You can indeed add an assignment to property declarations, and those assignments basically occur right before other operations you've written in the constructor body.

class Greeter {
    greeting = "world!";

    constructor() {
    }

    greet() {
        return "Hello, " + this.greeting;
    }
}

console.log(new Greeter().greet()); // Prints "Hello, world!"

The flip side is you'll get an error if you use anything that's scoped in the constructor body:

class Greeter {
    greeting = message; // Error: 'message' isn't defined here
    constructor(message: string) {
    }
    greet() {
        return "Hello, " + this.greeting;
    }
}

TypeScript allows static property declarations as well:

class Greeter {
    private static instancesCreated = 0;

    static getNumInstancesCreated() {
        return Greeter.instancesCreated;
    }

    constructor() {
        Greeter.instancesCreated++;
    }
}

though that doesn't mean that a static method is not useful on its own. ES6 doesn't have instance property declarations, but instance methods are still useful because you can just tack a property onto the instance.

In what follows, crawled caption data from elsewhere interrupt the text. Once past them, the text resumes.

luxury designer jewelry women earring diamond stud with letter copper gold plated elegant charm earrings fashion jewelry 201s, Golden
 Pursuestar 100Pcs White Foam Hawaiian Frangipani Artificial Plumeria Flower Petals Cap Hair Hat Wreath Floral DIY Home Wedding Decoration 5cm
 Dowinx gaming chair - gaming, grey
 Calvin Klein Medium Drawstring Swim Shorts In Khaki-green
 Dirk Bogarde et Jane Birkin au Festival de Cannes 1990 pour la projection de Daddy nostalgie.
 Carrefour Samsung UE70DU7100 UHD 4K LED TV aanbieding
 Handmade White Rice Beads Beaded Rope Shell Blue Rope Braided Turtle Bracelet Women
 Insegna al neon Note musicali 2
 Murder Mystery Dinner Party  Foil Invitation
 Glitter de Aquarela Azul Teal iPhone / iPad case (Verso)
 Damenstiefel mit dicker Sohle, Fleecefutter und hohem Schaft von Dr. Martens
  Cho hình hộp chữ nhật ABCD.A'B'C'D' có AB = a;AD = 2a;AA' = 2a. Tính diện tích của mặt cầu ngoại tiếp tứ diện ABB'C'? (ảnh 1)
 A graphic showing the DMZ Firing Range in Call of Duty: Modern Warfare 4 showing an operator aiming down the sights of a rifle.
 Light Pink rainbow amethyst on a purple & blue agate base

For more information, I encourage you to read up about classes in TypeScript on the TypeScript handbook as well as in TypeScript Deep Dive.

8 Comments

Thanks, is the first and second code section are in TypeScript or ES6? Cos when I compile it with babel as ES2015, it give me error at greeting = "world"; line, which says Unexpected token.
Thanks, I guess one of my question is if we can not define static variable in ES6, why ES6 allow define static method?
As mentioned above, static properties are just properties that you can assign to in static methods or after the class itself is defined, the same way you would create an instance property in a constructor or regular method.
@DanielRosenwasser This code is valid if you are using the proposed experimental class properties syntax, but it is not valid ES6.
Okay, but my understanding is that the question was about TypeScript, and whether you can add an assignment to a property declaration.